=== Exercise details ===
In the copy, include exactly the lines from the one with "This is going" through the end of the data and no others, both ends kept, with every picture left out.

=== Dataset extract ===

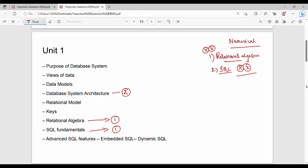Looking at first and second priorities: Database System Architecture and Views of Data are second priority. Data Models are also second priority. Purpose of Database System is third priority. For SQL keys — primary, candidate, foreign — those fall under third priority as well. So to summarize: first priority is Relational Algebra and SQL fundamentals, second priority is Database System Architecture and Views of Data, third priority is Data Models.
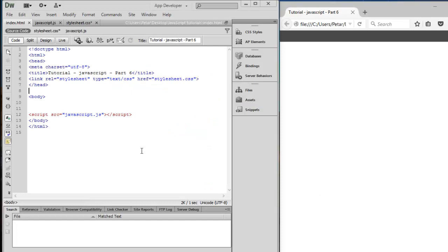Hello everybody, welcome. Today we are going to continue our work on previous code and we are going to create an access object with constructor notation.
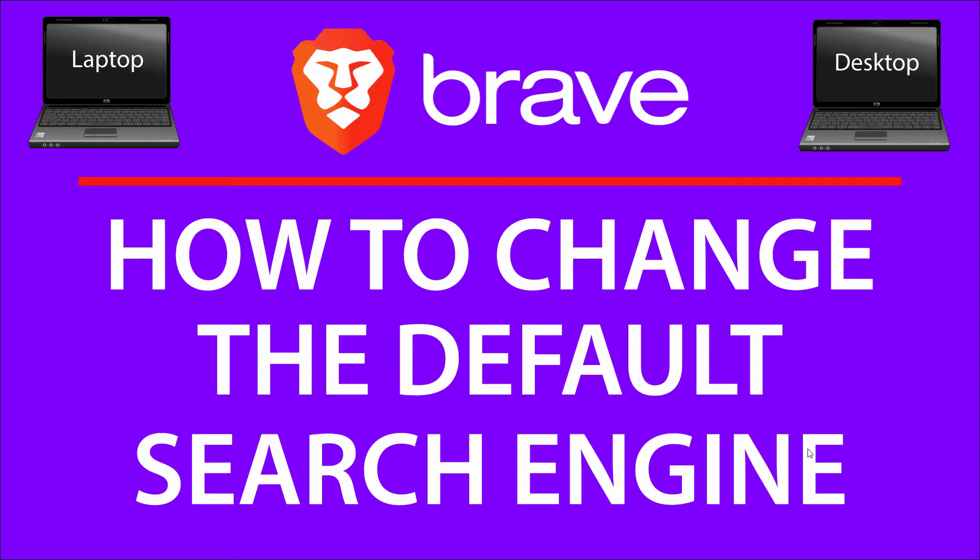This is going to be a video tutorial on how to change the default search engine in the Brave browser. I'll be using a desktop PC for this. Let me jump over to my browser here.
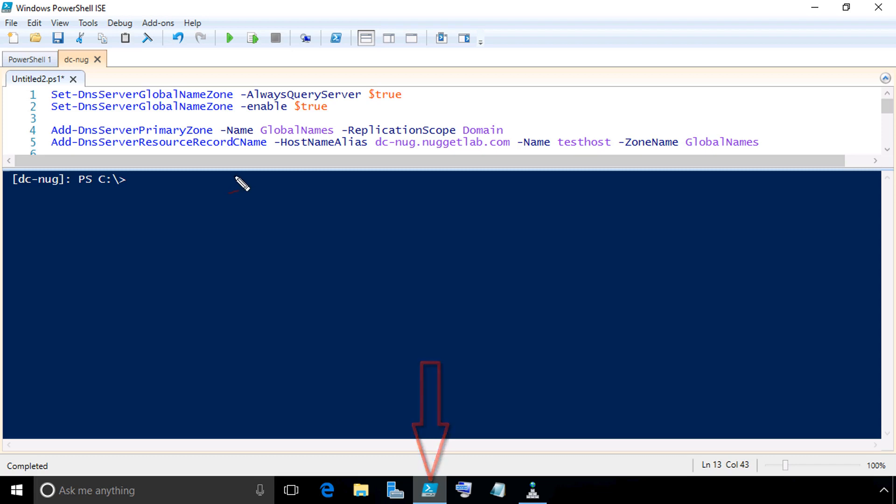Let's bring up the PowerShell scripting environment by clicking on the shortcut here in the taskbar. To save us a little bit of time, I have the basic command set up for us. These two commands right here effectively enable the feature of using a global name zone and also instruct the DNS server to query that global name zone before giving up on a resolution.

=== Exercise output ===
This is going to be a video tutorial on how to change the default search engine in the Brave browser. I'll be using a desktop PC for this. Let me jump over to my browser here.
Let's bring up the PowerShell scripting environment by clicking on the shortcut here in the taskbar. To save us a little bit of time, I have the basic command set up for us. These two commands right here effectively enable the feature of using a global name zone and also instruct the DNS server to query that global name zone before giving up on a resolution.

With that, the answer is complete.